At the time of the earlier blog post I made two observations:

  1. The possibilities of using photography for capturing something beyond ‘pretty pictures’ [have] opened up in front of me, and this is quite exciting;
  2. The realisation that I’m not yet sure that I have much interesting to ‘say’, and this is quite dispiriting!

So I reckon today I started feeling more comfortable that I’m getting there with point 2 :-)

The writing analogy

I like the analogy with written/verbal language and so will stretch it a little to close off this post:

  • Some good writers can come up with great, self-contained one-liners
    • funny, wise, concise, simple, insightful
    • jokes, sound bites, slogans, catchphrases
  • Some good writers can tell a fantastic story
    • with interesting characters, plot twists, growth, development, moral messages
  • Great writers use language to not just produce great stories…
    • …but also to fill them with quotable paragraphs, sentences and words

I want to find a better balance between the standalone image and the project – the pithy quote and the novel…!

An interesting insight. I hope that when December 2017 comes round, I will have a dozen images that both fit into their respective project contexts and stand alone as striking images!

Sources (accessed 05/12/2016) (accessed 05/12/2016)


6 thoughts on “My 2017 eureka moment – photography as a language

  1. Holly Woodward 05 December 2016 / 18:36

    Great post, Rob. It’s interesting to see how our work changes over time, isn’t it?


    • Rob Townsend 05 December 2016 / 21:32

      Indeed! Even if sometimes it feels like a few steps forward accompanied by a step back…
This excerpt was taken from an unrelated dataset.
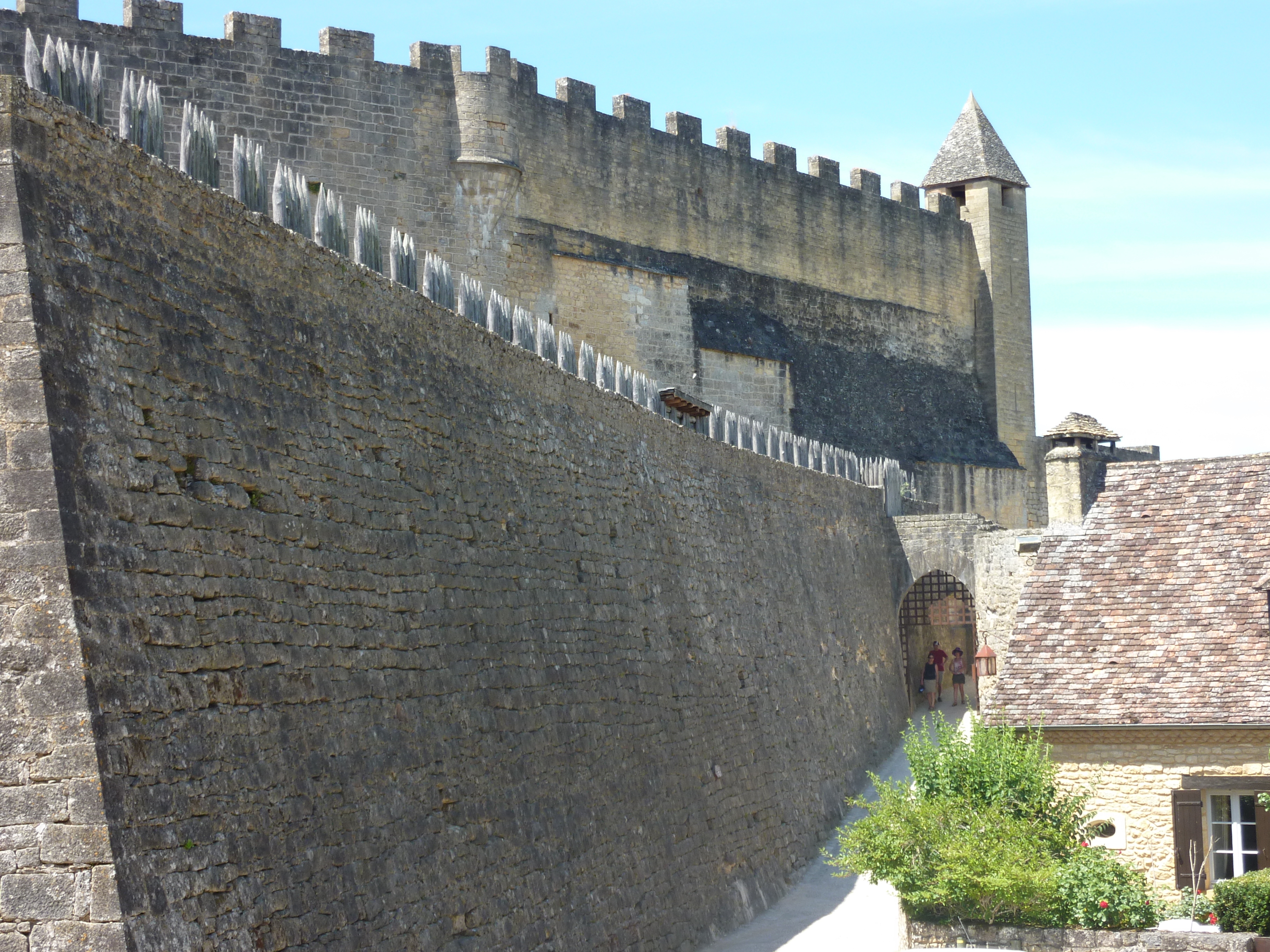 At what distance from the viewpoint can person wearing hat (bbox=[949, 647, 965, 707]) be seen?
96.3ft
  2. Anne Bryson 05 December 2016 / 21:28

    For whatever reason I always manage to relate what you say in your posts back to something that I am thinking about or feeling and I find it really reassuring that you are now starting to find that balance between stand alone and project images.
    I am currently working on documentary part 2, ploughing through surrealists who considered themselves to be authors rather than photogaphers and the way you have explained it this in your post helps me to fit this into place. I am also struggling with the requirements of assingment 2 where I need a concept or theme but 8 stand alone images within that and at the moment I seem to be able to produce 1 but not both. I am hoping that a little further down the line it will all start to make sense as it is doing for you.
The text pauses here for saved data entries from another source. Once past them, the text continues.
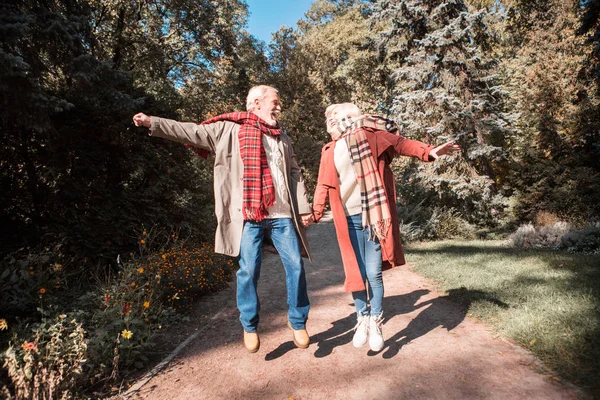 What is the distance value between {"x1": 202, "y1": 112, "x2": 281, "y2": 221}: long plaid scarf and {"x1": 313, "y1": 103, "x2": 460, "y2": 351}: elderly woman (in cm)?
53

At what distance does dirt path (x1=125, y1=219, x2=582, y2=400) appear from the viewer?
2.35m

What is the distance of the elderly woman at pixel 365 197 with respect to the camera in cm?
278

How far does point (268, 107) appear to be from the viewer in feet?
9.59

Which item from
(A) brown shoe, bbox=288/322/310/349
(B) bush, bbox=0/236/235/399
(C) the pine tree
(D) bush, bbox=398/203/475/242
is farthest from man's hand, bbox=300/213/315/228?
(C) the pine tree

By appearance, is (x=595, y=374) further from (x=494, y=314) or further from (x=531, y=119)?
(x=531, y=119)

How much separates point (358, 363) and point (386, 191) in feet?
4.50

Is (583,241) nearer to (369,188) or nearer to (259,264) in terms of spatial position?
(369,188)

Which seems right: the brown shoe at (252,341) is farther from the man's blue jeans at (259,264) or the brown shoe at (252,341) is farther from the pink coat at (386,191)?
the pink coat at (386,191)

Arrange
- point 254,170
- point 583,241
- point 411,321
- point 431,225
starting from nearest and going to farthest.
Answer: point 254,170 → point 411,321 → point 583,241 → point 431,225

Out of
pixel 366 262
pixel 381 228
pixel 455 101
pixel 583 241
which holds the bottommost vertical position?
pixel 583 241

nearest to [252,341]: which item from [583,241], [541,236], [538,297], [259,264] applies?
[259,264]

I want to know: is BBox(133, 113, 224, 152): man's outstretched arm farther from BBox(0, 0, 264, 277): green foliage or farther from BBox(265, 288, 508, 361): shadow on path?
BBox(0, 0, 264, 277): green foliage

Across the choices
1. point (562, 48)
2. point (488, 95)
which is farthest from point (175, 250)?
point (562, 48)

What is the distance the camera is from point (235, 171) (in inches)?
110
    • Rob Townsend 05 December 2016 / 21:37

      Thanks, Anne. Although I’d say I’m identifying the need for the balance rather than actually finding it yet! :-/

      I found Documentary Assignment 2 hard work at first but by the end I recognised it as something of a turning point with regards to this ‘authorship’ concept… it felt odd at first to engineer specific shots for a ‘documentary photography’ assignment but it taught me how to steer images to make the points you want to make. In the end it was one of the more satisfying of the (many!) assignments I’ve done this year… Good luck with yours.


    • Rob Townsend 06 December 2016 / 08:18

      Ha, yes, kind of. I just need to practice my scales a little. La la la la LA!